■ Work required ■
Below is a listing with pictures. Repeat exactly the lines starting at the one holding "Brown PU artificial" and going on through the one holding "Sam Edelman Leather", and leave every picture out.

■ Data records ■
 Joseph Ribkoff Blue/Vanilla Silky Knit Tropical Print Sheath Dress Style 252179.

...

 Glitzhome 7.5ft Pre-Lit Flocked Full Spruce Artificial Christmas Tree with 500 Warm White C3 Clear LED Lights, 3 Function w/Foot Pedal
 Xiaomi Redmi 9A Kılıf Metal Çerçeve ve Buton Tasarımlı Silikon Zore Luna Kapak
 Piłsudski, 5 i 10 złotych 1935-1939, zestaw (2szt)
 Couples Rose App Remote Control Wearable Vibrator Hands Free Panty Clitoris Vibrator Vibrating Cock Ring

--

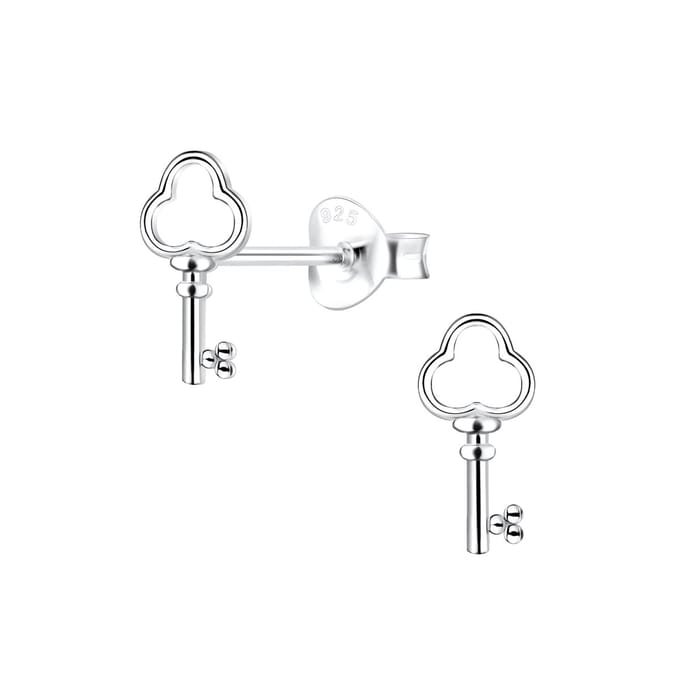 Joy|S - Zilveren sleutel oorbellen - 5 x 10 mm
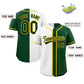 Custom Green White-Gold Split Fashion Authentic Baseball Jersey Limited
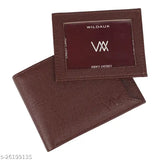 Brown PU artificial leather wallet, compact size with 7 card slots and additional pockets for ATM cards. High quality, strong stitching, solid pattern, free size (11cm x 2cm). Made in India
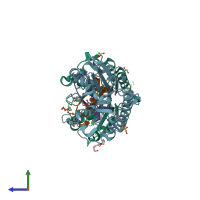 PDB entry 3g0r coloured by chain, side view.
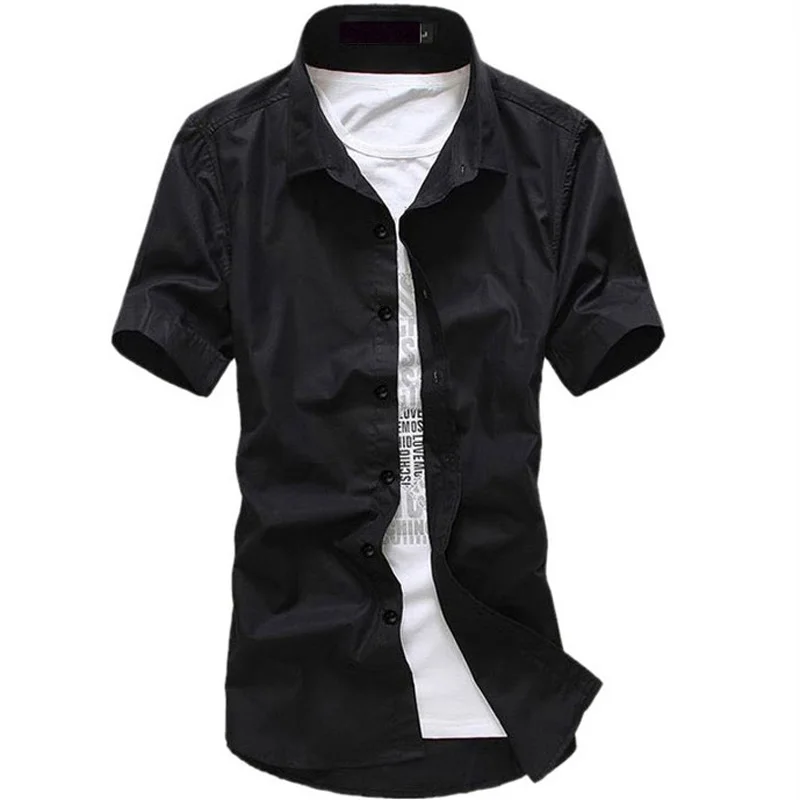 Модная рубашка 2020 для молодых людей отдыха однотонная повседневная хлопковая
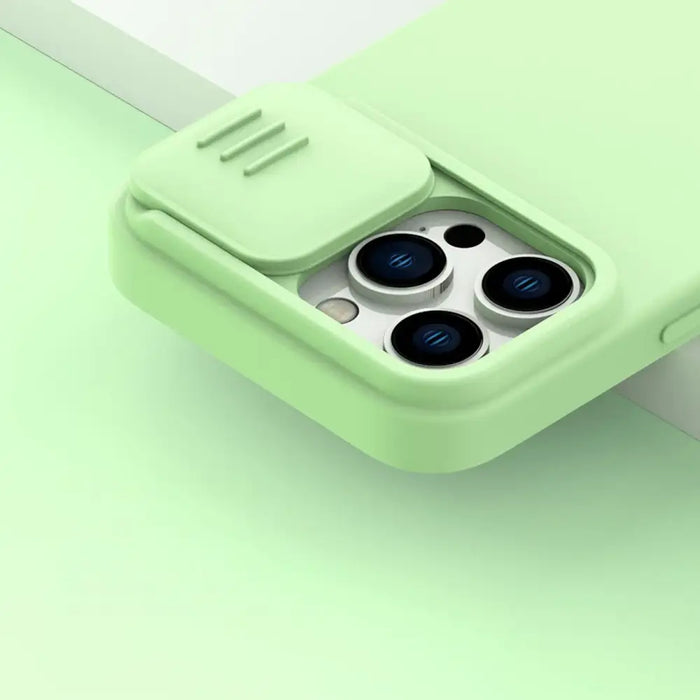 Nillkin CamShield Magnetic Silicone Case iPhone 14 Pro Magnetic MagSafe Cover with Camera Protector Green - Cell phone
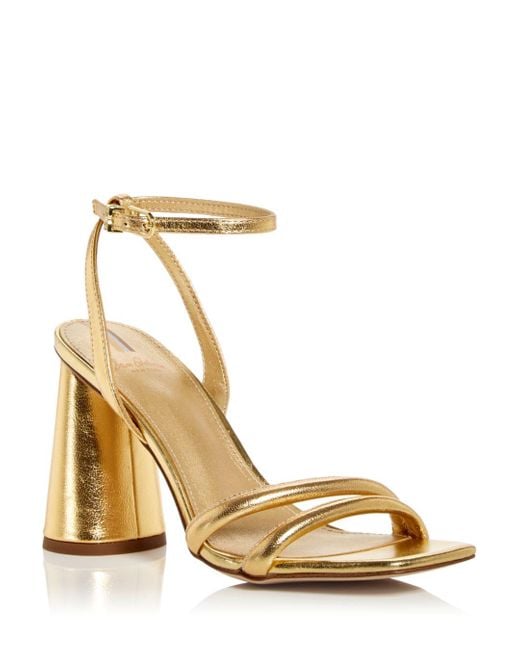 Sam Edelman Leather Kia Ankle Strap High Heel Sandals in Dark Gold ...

■ Your solution ■
 Brown PU artificial leather wallet, compact size with 7 card slots and additional pockets for ATM cards. High quality, strong stitching, solid pattern, free size (11cm x 2cm). Made in India
 PDB entry 3g0r coloured by chain, side view.
 Модная рубашка 2020 для молодых людей отдыха однотонная повседневная хлопковая
 Nillkin CamShield Magnetic Silicone Case iPhone 14 Pro Magnetic MagSafe Cover with Camera Protector Green - Cell phone
 Sam Edelman Leather Kia Ankle Strap High Heel Sandals in Dark Gold ...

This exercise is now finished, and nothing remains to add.